Just like those same Ethiopians who say with pride “my dam”—rejecting the realism of 6,450 megawatts of hydroelectric power to embrace the false promise of the prosperity gospel and its prophet.

Ethiopia is now a failed state, demonstrating the most basic characteristics that define a failed state.  It has lost control of much of its territory as well as its monopoly on the legitimate use of physical force. It has lost its authority to make collective decisions. Instead, the state has become authoritarian—vesting all authority in Abiy Ahmed. The state can no longer provide people with the most basic social services other than the trees so proudly planted by the leader who cannot govern, only perform.

Moreover, Ethiopia has actually handed over its sovereignty to Eritrea’s leader like a used tissue—filthy with the snot—the neft —of over 100 million people.

Meles Zenawi led a country that, despite its burden of centuries-old poverty and backwardness, was beginning to take form as a nation destined to lead the African continent.
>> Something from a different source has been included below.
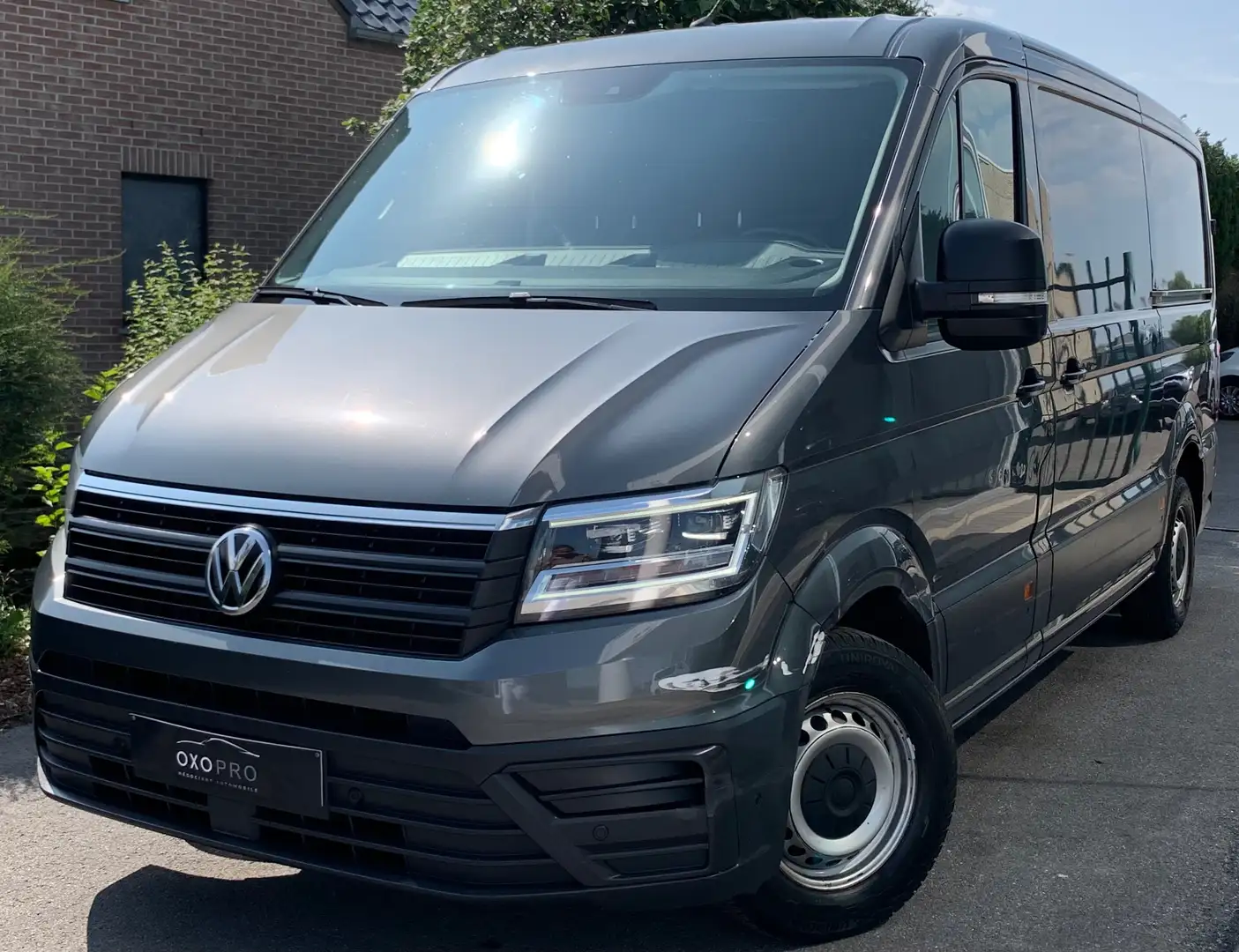 Volkswagen Crafter 2.0TDI 177CV/ Boite Auto / Xenon /Gps/ 13.628 HTVA Grigio - 1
Meles Zenawi left footsteps difficult to fill but entrenched in a clear direction towards greatness.

Today, the footsteps Meles left in Ethiopia are walked on by mice—narcissistic, savage mice addicted to power and the empty symbols of a corrupt nationalism they have embraced at the expense of the people.

It is in Tigray that Meles’ footsteps are walked on by lions—six million lions that have faced evil with courage, persistence and resolution.

The Tigrayan Defense Forces are making their way towards Addis Ababa.The empty protests of the international community and demand to withdraw from Amhara and Afar regions are an abuse to every Tigrayan person who has been killed, tortured, raped, detained, starved, displaced and robbed of even their cooking pots.

No.

The Tigrayan people will do everything they need to do to survive the genocidal assault of Ethiopia, Eritrea, Somalia, the U.A.E., Turkey and every country that has kept silent in the noise of this war.

It makes no tactical or strategic sense to retreat in any way while the people of Tigray continue to be killed, tortured, raped, detained, starved, displaced and robbed.

The international community once again has gotten it wrong in its misguided attempt to project a balance and equivalency. There is no balance and no equivalency. If the international community cannot be helpful, it needs to stand out of the way.